Wednesday, November 22, 2017

Werner Herzog: "Do something about it" if you're mad about GOP attacks on workers, education, the poor

 
(Werner Herzog at Rhodes College in Memphis in September)

German film director Werner Herzog, famous for films such as Aguirre, the Wrath of God, Nosferatu, and Lessons of Darkness, told an audience at Rhodes College in Memphis recently that grumbling about President Trump and Republican rule is meaningless unless you’re willing to do something about it.

“The heartland is the best of America, the real core of America,” Herzog said in a wide-ranging talk about film, actors, and current times after a screening of his 2005 film The Wild Blue Yonder. “For the first time, they combined their voices, and no matter who they elected, in this case, Trump, you better take it seriously. … It is very easy to denounce. If there is discontent among you with this president, do something about it. Stand up, vote, rally other people. Things might change.”

Certainly this is the winter of a lot of discontent. And certainly something needs to be done about it.
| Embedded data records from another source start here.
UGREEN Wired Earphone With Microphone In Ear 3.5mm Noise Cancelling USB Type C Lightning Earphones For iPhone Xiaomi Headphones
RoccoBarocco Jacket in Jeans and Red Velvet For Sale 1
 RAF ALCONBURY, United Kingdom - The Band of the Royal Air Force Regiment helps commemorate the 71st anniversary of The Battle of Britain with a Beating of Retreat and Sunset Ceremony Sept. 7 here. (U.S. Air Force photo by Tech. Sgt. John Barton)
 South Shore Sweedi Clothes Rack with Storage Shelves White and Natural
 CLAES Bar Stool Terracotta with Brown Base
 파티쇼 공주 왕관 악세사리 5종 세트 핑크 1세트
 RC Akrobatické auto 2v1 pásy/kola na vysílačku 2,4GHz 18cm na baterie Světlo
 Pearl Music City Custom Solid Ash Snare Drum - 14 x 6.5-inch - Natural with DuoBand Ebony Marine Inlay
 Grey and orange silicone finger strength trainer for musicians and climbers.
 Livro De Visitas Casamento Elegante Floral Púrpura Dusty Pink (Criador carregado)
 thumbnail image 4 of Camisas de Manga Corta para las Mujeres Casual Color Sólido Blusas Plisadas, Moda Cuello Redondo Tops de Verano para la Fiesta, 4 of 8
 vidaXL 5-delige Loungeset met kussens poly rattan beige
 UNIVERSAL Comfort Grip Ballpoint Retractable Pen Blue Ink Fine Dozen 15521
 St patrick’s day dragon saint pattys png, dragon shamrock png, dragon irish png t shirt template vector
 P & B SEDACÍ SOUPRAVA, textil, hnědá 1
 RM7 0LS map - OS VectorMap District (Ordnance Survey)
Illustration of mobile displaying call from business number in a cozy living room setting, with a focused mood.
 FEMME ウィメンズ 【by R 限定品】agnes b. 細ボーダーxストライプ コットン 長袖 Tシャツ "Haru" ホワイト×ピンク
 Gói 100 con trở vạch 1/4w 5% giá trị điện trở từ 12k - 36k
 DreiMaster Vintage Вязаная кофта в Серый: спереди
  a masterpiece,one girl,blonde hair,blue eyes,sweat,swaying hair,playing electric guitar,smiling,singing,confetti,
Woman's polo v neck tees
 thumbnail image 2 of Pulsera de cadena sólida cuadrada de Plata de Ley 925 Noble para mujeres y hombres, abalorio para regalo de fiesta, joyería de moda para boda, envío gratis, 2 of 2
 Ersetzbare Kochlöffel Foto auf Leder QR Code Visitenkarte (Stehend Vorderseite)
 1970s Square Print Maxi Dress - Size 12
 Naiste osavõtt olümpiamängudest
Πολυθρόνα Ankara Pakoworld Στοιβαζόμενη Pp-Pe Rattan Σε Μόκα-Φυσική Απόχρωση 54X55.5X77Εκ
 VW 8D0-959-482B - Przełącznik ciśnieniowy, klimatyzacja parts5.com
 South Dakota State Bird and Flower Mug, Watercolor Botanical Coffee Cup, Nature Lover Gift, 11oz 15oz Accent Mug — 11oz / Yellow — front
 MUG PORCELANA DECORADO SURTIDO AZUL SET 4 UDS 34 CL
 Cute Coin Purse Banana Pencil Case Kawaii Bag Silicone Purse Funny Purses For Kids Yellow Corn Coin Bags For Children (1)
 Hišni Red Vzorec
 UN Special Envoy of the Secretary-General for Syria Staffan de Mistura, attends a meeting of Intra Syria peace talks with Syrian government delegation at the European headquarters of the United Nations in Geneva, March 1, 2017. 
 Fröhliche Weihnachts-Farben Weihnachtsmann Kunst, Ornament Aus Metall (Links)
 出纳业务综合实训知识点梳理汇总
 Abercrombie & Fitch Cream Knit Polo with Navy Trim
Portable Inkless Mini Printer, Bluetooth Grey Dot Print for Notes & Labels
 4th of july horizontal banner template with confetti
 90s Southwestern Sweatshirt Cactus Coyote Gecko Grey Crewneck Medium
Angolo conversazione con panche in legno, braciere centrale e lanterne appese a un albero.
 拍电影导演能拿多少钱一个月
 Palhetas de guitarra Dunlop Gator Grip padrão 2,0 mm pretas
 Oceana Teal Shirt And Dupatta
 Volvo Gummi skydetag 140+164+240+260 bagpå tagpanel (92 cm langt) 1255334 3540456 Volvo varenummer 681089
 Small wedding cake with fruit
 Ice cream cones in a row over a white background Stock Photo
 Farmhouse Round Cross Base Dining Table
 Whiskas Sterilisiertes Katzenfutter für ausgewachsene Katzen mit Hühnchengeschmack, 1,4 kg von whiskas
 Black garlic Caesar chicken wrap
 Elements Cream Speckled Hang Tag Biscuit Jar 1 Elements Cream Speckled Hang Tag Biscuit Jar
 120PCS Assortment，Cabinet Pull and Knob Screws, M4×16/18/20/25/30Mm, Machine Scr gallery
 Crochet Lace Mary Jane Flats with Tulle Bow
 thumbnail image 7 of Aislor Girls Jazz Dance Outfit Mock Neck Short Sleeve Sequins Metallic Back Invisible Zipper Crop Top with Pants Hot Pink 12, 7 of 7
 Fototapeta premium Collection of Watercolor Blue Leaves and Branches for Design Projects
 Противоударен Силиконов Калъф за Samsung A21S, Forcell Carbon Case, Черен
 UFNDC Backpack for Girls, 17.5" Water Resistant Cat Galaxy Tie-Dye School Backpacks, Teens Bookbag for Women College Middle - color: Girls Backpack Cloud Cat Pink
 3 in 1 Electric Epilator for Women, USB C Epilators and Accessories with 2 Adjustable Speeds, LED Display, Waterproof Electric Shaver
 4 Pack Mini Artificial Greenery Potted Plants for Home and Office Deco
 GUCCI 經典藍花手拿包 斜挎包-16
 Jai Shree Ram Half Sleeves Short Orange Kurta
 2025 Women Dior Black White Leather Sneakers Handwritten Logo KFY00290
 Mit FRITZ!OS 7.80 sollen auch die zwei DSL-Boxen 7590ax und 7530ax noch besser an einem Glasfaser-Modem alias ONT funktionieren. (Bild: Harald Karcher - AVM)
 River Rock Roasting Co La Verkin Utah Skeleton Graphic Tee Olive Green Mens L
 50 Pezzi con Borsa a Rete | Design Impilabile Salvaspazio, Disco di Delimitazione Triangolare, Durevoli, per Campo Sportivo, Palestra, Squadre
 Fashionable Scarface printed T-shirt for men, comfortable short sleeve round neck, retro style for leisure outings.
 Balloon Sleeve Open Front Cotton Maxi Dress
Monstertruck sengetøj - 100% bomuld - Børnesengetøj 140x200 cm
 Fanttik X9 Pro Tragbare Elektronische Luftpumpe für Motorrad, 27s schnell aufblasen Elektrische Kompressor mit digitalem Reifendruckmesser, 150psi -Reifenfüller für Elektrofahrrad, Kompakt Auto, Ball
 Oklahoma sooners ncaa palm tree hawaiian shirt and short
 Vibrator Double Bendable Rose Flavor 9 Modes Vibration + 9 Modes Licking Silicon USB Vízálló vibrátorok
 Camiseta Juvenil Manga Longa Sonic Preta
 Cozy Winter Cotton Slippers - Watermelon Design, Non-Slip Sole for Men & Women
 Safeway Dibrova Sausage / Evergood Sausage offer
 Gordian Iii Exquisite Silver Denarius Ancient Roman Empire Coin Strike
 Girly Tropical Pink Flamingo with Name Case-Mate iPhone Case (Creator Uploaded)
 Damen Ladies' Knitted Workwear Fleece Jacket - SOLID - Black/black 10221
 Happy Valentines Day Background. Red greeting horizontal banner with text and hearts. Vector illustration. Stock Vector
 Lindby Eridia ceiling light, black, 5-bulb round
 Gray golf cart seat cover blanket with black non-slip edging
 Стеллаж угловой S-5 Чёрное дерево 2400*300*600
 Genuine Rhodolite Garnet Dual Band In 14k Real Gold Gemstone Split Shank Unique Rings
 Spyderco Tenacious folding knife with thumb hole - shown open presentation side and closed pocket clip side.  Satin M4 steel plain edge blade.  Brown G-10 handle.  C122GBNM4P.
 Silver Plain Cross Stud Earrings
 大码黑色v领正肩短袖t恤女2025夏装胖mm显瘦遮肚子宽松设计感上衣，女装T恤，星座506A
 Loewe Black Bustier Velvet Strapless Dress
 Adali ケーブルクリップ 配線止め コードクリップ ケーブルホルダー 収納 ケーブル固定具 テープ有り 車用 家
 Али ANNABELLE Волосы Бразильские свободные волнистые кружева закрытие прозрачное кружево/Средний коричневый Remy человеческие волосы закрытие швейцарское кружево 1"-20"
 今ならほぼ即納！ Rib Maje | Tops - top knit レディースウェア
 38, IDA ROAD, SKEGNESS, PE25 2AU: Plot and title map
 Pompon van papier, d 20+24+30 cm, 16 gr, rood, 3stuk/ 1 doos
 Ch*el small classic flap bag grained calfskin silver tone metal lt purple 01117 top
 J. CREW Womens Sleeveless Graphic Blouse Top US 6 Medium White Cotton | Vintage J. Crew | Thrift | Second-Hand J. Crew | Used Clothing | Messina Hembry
After losing a bitter election at the giant Nissan plant in Canton, Mississippi, in August, the United Auto Workers went on to lose another election at Fuyao Glass America in Dayton, Ohio, the culmination of an 18-month struggle. The vote was 886-441.

The Republican-led Congress is weighing a tax bill that will damage workers’ lives on a number of fronts, including changes in worker classification in the gig/platform/sharing sectors. Making workers independent contractors rather than employees has long been a trick by companies such as FedEx, and it’s their way to avoid paying pension and other benefits and to keep those workers from unionizing.

Another Republican proposal is to require students who are Pell Grant recipients to repay their grants if they fail to finish college within six years. At present, such repayments are not required. It is yet another assault on education led by elitist politicians who see education as a benefit for their own, not average working people.

According to a UAW statement this month, the GOP tax plan “will make it easier to ship even more good-paying manufacturing jobs overseas by eliminating taxes on offshore profit. This tax plan blows a hole in the federal deficit and sticks you and your grandchildren with the bill. The GOP plan also unfairly raises taxes on the middle class and retirees.”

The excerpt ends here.